Ein weiterer Newcomer in der BRCIS+-Gruppe, Ägypten, war der größte Nutznießer dieser Investitionen aus Abu Dhabi. In dem afrikanischen Land befinden sich 34 von den VAE finanzierte Projekte mit einem Gesamtwert von 27,6 Milliarden  US-Dollar. Ägypten ist ein interessantes Beispiel, um die Doppelstrategie der VAE zu veranschaulichen: Die Emirate investieren in Hafeninfrastruktur, Windparks und Solaranlagen, um die Gunst Kairos zu gewinnen. Das dient im Gegenzug aber auch der Sicherung strategisch wichtiger Handelsrouten (Stichwort Rotes Meer und Suezkanal) wie auch den VAE-Interessen in regionalen Streitigkeiten (beispielsweise durch Unterstützung für die von General Haftar geführte Miliz in Libyen gegen türkische Interessen).
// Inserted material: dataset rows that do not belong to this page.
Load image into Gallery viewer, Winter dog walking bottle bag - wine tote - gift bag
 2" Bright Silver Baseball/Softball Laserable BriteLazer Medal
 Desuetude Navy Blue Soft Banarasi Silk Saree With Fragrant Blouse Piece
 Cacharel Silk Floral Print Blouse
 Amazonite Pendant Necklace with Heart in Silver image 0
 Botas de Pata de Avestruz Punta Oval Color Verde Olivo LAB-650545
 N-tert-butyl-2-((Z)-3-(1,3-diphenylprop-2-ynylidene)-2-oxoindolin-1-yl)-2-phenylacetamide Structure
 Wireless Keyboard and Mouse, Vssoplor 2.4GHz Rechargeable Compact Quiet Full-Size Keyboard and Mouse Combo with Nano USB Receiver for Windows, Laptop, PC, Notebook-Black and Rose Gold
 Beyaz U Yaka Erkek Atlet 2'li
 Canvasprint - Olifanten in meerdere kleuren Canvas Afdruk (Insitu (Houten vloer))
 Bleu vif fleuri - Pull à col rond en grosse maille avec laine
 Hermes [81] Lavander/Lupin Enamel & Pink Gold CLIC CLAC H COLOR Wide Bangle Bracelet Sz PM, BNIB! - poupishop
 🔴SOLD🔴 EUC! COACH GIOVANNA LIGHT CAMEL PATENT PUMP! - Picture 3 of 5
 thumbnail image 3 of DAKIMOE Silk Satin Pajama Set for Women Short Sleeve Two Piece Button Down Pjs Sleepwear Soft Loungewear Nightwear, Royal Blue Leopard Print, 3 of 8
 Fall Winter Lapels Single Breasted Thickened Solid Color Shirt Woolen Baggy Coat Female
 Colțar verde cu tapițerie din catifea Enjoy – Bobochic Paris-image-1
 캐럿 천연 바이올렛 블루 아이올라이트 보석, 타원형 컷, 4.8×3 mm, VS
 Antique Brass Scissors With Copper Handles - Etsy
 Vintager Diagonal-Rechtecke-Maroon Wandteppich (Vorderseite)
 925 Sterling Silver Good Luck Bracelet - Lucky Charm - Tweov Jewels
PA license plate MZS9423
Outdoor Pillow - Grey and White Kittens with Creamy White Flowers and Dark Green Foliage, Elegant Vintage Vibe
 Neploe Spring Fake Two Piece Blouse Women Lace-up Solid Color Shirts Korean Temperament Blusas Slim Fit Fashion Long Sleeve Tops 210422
All dies zeigt: Es gibt einen klaren Spillover-Effekt von Hafen-/Infrastrukturprojekten auf Verteidigungs- und Sicherheitspartnerschaften. Dies gilt in Bezug auf viele afrikanische Länder: Nicht selten folgen auf Infrastrukturprojekte von DP World und ADP Waffenexporte, Deals in der Verteidigungsindustrie oder Ausbildungsabkommen für Militär und Polizei.

Der BRICS+-Gipfel im Oktober 2024 in Kasan bot interessante Einblicke in eine sich verändernde Welt. Die Gruppe stellt das traditionelle „Blockdenken“ in Frage, das im Westen nach wie vor vorherrschend ist. Ihre eigene Heterogenität spiegelt aus Sicht der BRICS+ wider, wohin die Reise gehen soll: Man will kein alternatives Modell zur westlich dominierten Weltordnung sein, sondern eine ständig wachsende Gruppe von Ländern, die mit dieser gegenwärtigen Weltordnung unzufrieden sind, die Reformen fordern und sich künftig nicht mehr in derartige „Blöcke“ einteilen lassen wollen.

Die VAE haben diesen Wandel schon lange verstanden. Sie sind der BRICS+ nicht beigetreten, um sich vom Westen abzuschotten, sondern um sowohl mit diversen Rivalen als auch mit Partnern an einem Tisch zu sitzen. Die Regierung der VAE kann sich nun darauf verlassen, dass mindestens einmal im Jahr ein hochrangiges Treffen mit China und Russland abgehalten wird. Angesichts der Komplexität ihrer Beziehungen ist es sogar wahrscheinlich, dass dies noch ausgeweitet wird.

Auch mit Blick auf die bilateralen Beziehungen zu afrikanischen Ländern haben die VAE nun ein Forum, in dem sie direkt mit einigen ihrer langjährigen Partner – vor allem den BRICS+-Mitgliedern Südafrika, Ägypten und Äthiopien – in Kontakt treten sowie sich mit den neuen sogenannten BRICS-Partnerstaaten Nigeria, Algerien und Uganda weiter austauschen können.